Sultana Projects will host prolific author and historian Mark Kurlansky during Downrigging Weekend, October 26, at 8 pm in the Garfield Center for the Arts in Chestertown.
For readers familiar with Mark Kurlansky’s zen-titled books Salt and Cod you would guess right that a history of the “fresh-frozen pea”—the diminutive star of his new book, Birdseye—would take the reader on an investigative excursion into the hinterland of discovery, invention and innovation along with quirky anecdotal asides and enough factoids to spur a reissue of Trivial Pursuit.
Kurlansky finds in the inventor Clarence Birdseye a fascinating historical hinge on which to swing an engaging biography about the inventor who catapulted local food industries into a global marketplace by perfecting the flash-freezing process.
A four-time NY Times bestselling author, Kurlansky uses a wide-angle lens on the mundane micro-elements of our lives to unveil connectivity to his greater themes; our relationship to the environment and more profoundly, as in his book Cod, the question of whether the ocean and therefore the human species will survive the inexorable exploitation of our natural resources.
“There is a big difference between living in a society that hunts whales and living in one that views them.
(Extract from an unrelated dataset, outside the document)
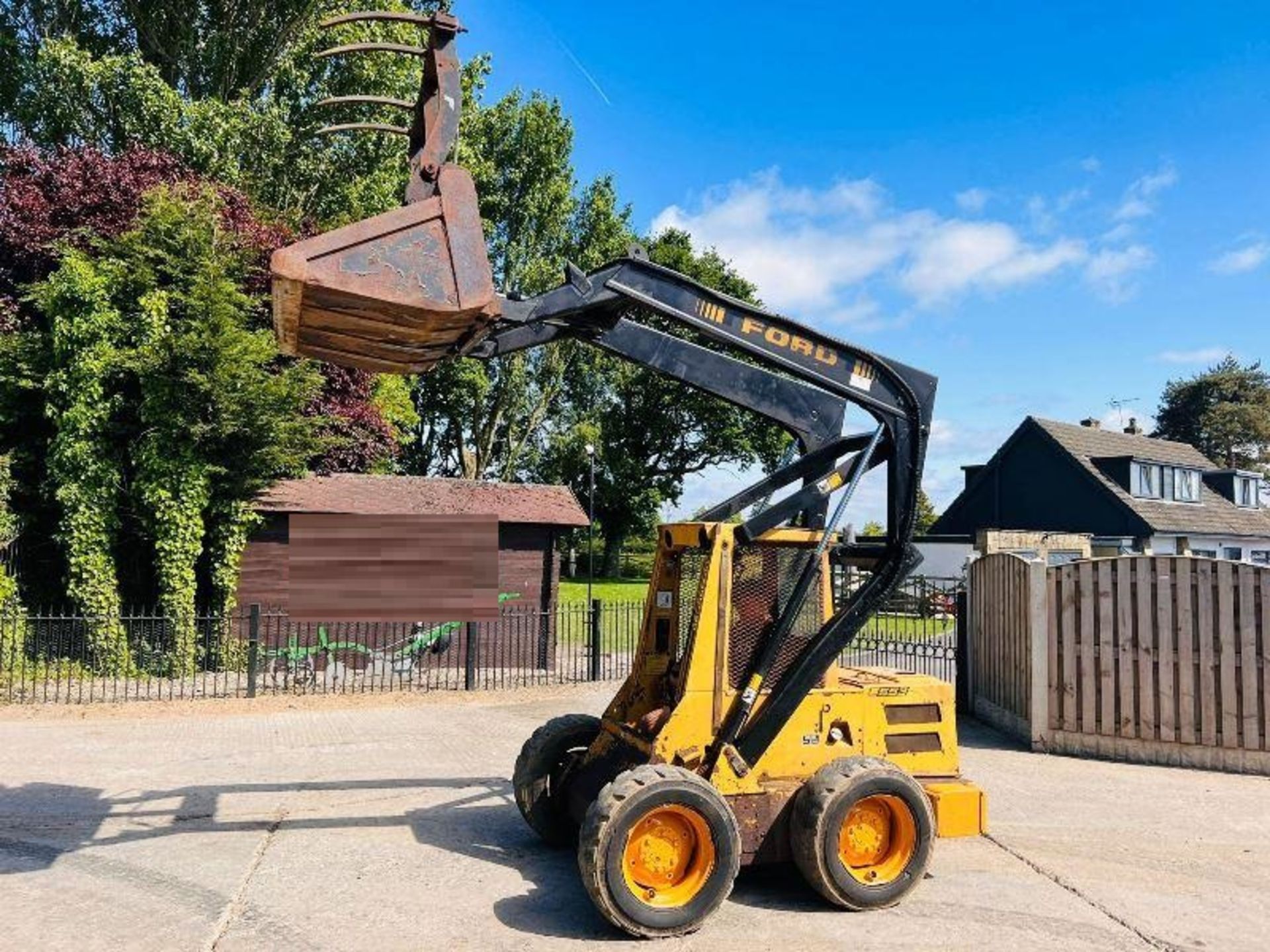 FORD L553 HIGH LIFT SKIDSTEER C/W GRAPPLE BUCKET - Image 10 of 18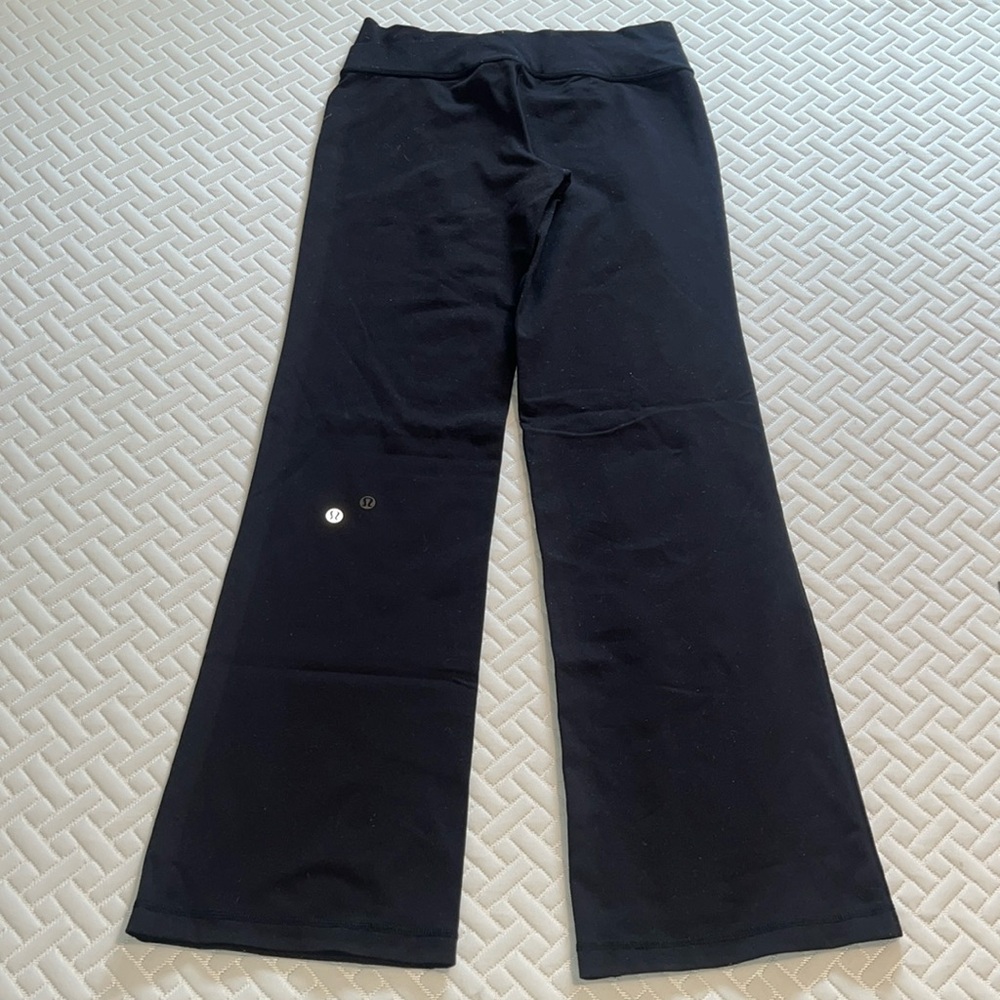 Crossover wide leg leggings, cute waist. Great condition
Nature is being reduced to precious demonstrations for entertainment and education, something far less natural than hunting. Are we headed for a world where nothing is left of nature but parks?”
In the Chesapeake Bay region, one of the largest ecosystems in North America and sensitive to the struggle for environmental balance, protection, and the preservation of commercial and sport fishing, Kurlansky’s themes should prove to be insightful warnings about the consequences of ecological collapse.
“The problem of the Chesapeake Bay illustrates that there is no quick fix, not a single solution because it is not a single problem. We are talking about entire ecosystems with vast interconnecting issues. There are problems of fishing but also pollution which means a need to change farm practices and land planning. In short the solution lies in a deep commitment to changing the ways we do things,” he says.
In The Big Oyster: History on the Half Shell (2006), another of Kurlanksy’s 25+ books, the author enlists the small marine bivalve as another vehicle to drive through the wending backstreets of history, in this case the oyster business in New York City. The lower estuary of the Hudson River, once thriving with oysters, was depleted by 1927. Fatefully, the oyster dredge boats that hastened the decline of the New York oyster moved to the Chesapeake Bay to continue their ravenous harvesting enough to precipitate ongoing and often fractious debate and legislation.
How Can the Oceans Survive All This? will be the author’s wide ranging topic when he lectures at the Garfield Center for the Arts at 8 pm, October 26 during Sultana Projects Downrigging Weekend in Chestertown.